First Published 20 April 2015, Last Updated 23 April 2015

As theatrical treats go, indulging in afternoon tea at Rosewood London’s Mirror Room with Memphis The Musical’s insanely chatty Beverley Knight and Killian Donnelly is up there. The cakes are incredible; the company is even better.

The word gregarious could have been invented to describe the performers, who play a rising black singer and the white DJ who wants to help make her a star in the Olivier Award-winning, 1950s Tennessee-set show.

They barely need prodding to begin revealing the secrets of Memphis’ success, and once they start there’s little stopping them. It’s easy to see where their electric on-stage chemistry comes from; it’s there as much sipping tea and nibbling petit fours in 21st century luxury as it is railing against discrimination and raising the roof in a segregated America. 

Once they get going, overlapping each other’s sentences with an ease and panache that belies the fact they’ve barely known each other a year, we can basically sit back, relax and let the Olivier Award nominees take us into the world of Memphis, from Knight’s sweet habit and the theatre’s all-inclusive atmosphere to performance details that neither knew about each other.

How are you finding the show six months in?

Donnelly: It’s amazing. We’re just so proud of the reaction it’s getting. I haven’t heard one negative comment. And what I love is people are going “I have to bring my family.” My brother, who doesn’t like musicals, I brought him to see it.

Knight: There seems to be something about Memphis that has got the ‘I don’t like musicals people’ to come along. My brother-in-law loves it. He’s Mr Grumpy who doesn’t like anything.

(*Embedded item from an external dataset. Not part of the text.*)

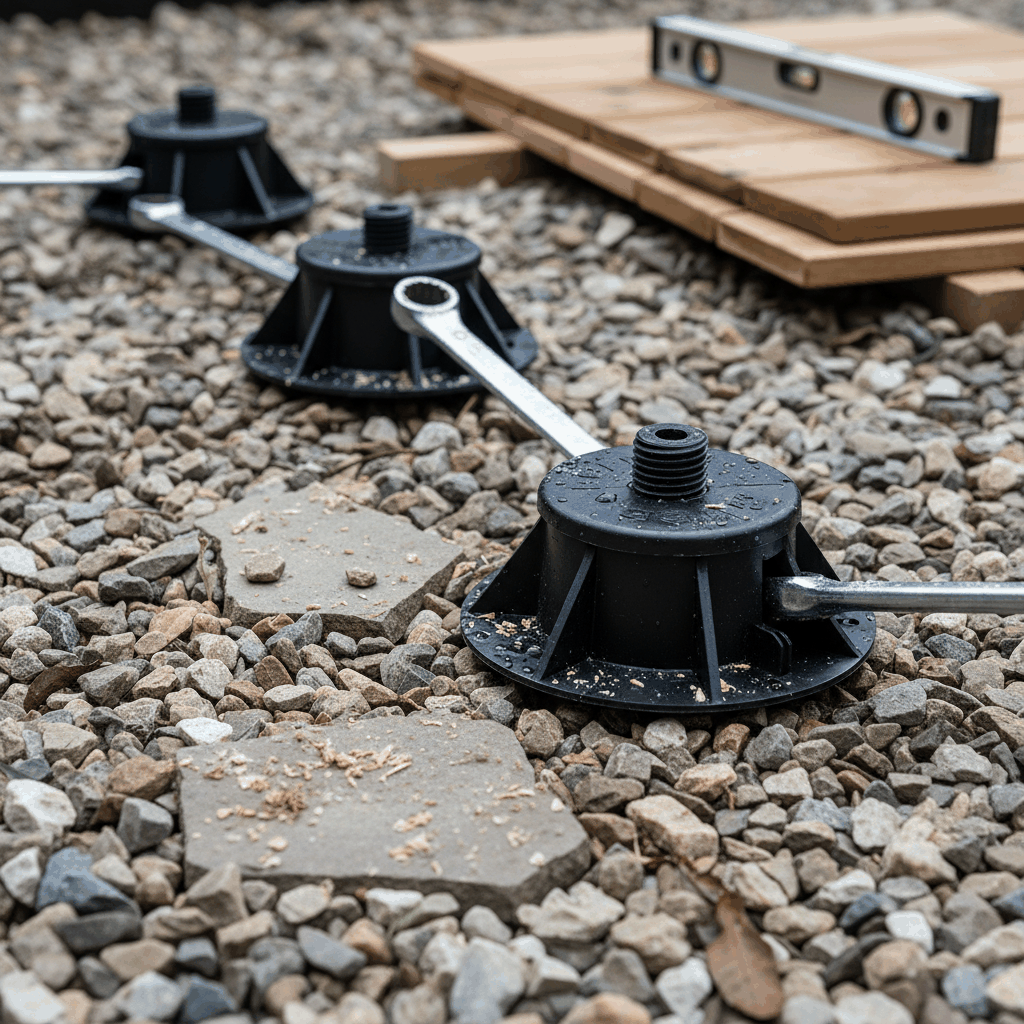 Montage plots réglables terrasse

Donnelly: It appeals to everyone. The show genuinely feels about 45 minutes long. You hit the ground running and there’s energy, energy, energy and it zips by for everyone. It has a really strong story.

Knight: And that is what you follow. That’s what’s got you gripped.

Donnelly: If there was a blueprint of how to do a musical, Memphis would be it. The choreography is…

Knight: …Crazy

Donnelly: It’s out of this world.

Knight: It really was a team effort. And you can really see the team on stage. Everyone pulling together, everyone making sure that every element was covered. Everybody’s encouraging everybody. If one of the ensemble’s in for a role, everybody from every corner, even if they’re supposed to be in their dressing room, gets changed and is side of stage, in the wings, watching. Everyone’s cheering that person on.

Donnelly: I know it’s a cliché to say it’s a family atmosphere, but I’ve never experienced it before.

Knight: I’m the biggest child probably in the building.

Donnelly: She really is.

Knight: I wake up happy, go to sleep happy. I’m just a kid like that.

Donnelly: Friday she brings sweets. Big Tupperware boxes come in. We do our warm up and it’s “Oh, she brought Chewits”. Then two more boxes come for the front of house people. There’s usually a divide between cast and front of house. We’ve really tried to stop that. So we put on nights front of house after the show, where there’s free beer, free wine, free food. The Shaftesbury comes to it. Anyone who works at the Shaftesbury.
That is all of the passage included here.